Assignment
Once the line containing "79911189756" is reached, copy it and every line after it exactly, to the end of the material, without pictures.

Provided material
◇ ◇ ◇ ◇

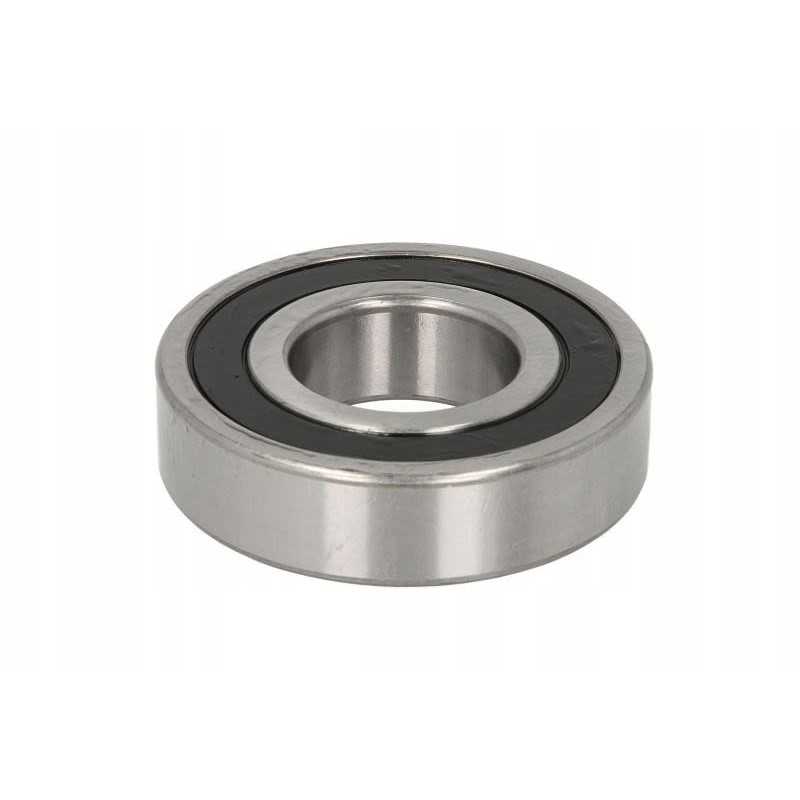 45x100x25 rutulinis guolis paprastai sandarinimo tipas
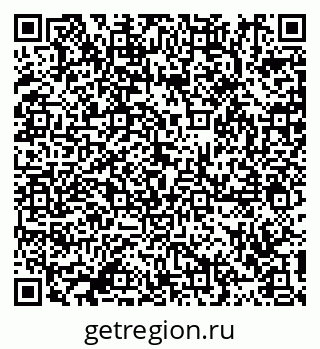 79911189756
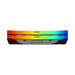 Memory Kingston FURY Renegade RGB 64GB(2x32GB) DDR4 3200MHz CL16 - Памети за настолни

◇ ◇ ◇ ◇

Written response
 79911189756
 Memory Kingston FURY Renegade RGB 64GB(2x32GB) DDR4 3200MHz CL16 - Памети за настолни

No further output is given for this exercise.